NoGo History and Competitions

NoGo is a young game. The first mention that I could find is on Sensei's Library's page on Anti-Atari Go, Version 1, dated April 1, 2005, by John Moore. He claims: "We've tried this variant a few times in the Stupid Room on KGS". This version of the document does not specify whether suicide is forbidden, but we can assume that this is the same game as current NoGo.

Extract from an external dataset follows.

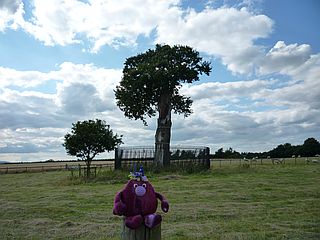 Royal Oak, Boscobel House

One advantage of NoGo is that each valid NoGo game is also a valid (if very bizarre) Go game. This means that all the tools for developing Go programs can be used. For example, GoGui can be used as a GUI, and games can be played online on KGS (as long as the losing player resigns instead of counting the final score according to the Go rules...).

Competitions

BIRS 2011

In January 2011, this game was selected as the featured game for the 2011 Combinatorial Game Workshop at BIRS.

Two NoGo tournaments wer held throughout the week: a human tournament on a 7x6 board, and a computer tournament on a 9x9 board. My MSc student Fan Xie won the human final against Tristan Cazenave of Paris.

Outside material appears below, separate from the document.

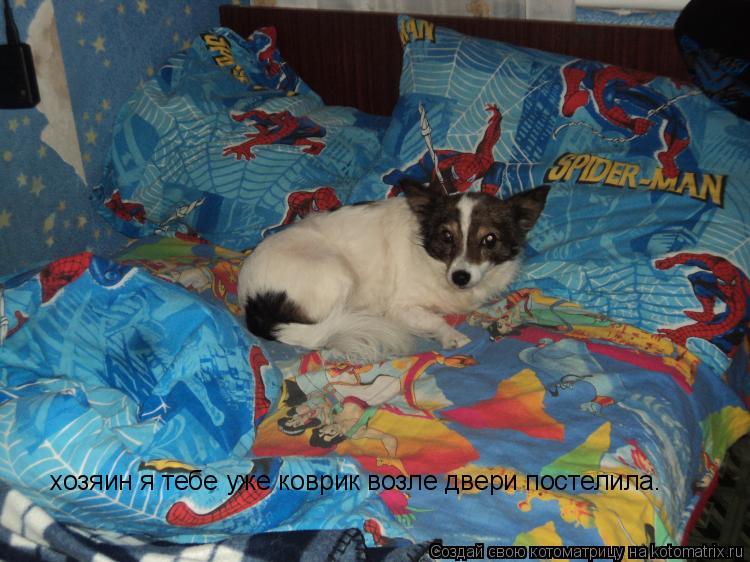 Котоматрица: хозяин я тебе уже коврик возле двери постелила.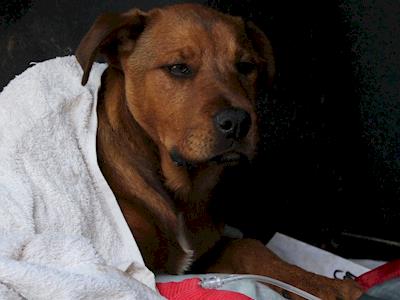 Help us save Sheeba and Arlo's life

The computer tournament featured six programs. Entries were written by Jean Mehat, Tristan Cazenave, JP Grossman and Olivier Teytaud. BobNoGo and FxNoGo, our programs based on Fuego, rounded out the field. The format was a double round robin, with each program playing once as Black and once as White. BobNoGo won all its games, and FxNoGo took second place. In a playoff between the human and the computer champion on a 9x9 board, BobNoGo defeated Fan Xie.

Game records for BobNoGo

TAAI 2011

A series of computer games tournaments sponsored by the Taiwanese Association for Artificial Intelligence (TAAI) this year included a NoGo competition. Eight programs took part and played five rounds of two games each. The undefeated winner was Coldmilk, followed by PSABR with 7 wins. MoonGo and DJNoGo shared third place with 5 wins. The TAAI 2011 webpage contains both a report on the NoGo tournament and all game records.

2011 Computer Olympiad

Four programs registered for the olympiad NoGo tournament, but only three played: TAAI winner Coldmilk, and the two Fuego-based programs BobNoGo and FxNoGo. BobNoGo won ahead of FxNoGo. See the results on the ICGA webpage.

In the tournament games, BobNoGo was happy most of the time, with the evaluation slowly climbing. The most difficult game was against FxNoGo playing white. The program was below 50% for a long time, then slowly climbed up. Fan was very unhappy when his program played move 29 at C1, instrad of building an "eye" with B2. Running 10 million simulation searches on my laptop, BobNoGo's winrate for move 28 is 0.488, while for move 30 it is 0.493. At move 34, the evaluation finally climbs above 50%, then jumps to over 53% for move 36. Possibly, the game was decided around this time.

In BobNoGo's other three games, the evaluation was above 50% (except the first few moves with white). In all four games, the solver announced the proven win pretty late, when the Monte Carlo win rate was already above 90%. I think the solver can still be improved a lot. I am not sure how much the solver is worth earlier in the game, i.e. what is the effect on the Monte Carlo search if it knows that some deep lines are wins, or losses.

Game records

CMNoGo is Coldmilk NoGo.

2012 TCGA

Held July 1, 2012. Four programs, double round robin. BobNoGo was the undefeated winner.

2013 Olympiad

BobNoGo was finally dethroned at the 2013 Olympiad and took third place. HappyNoGo was the winner. See the results. A report is: W.-J. Tseng, Jr-C. Chen, P. She, I-Chen Wu, "HAPPYNOGO Wins NOGO Tournament", ICGA Journal (SCI), Vol. 36(3), September 2013.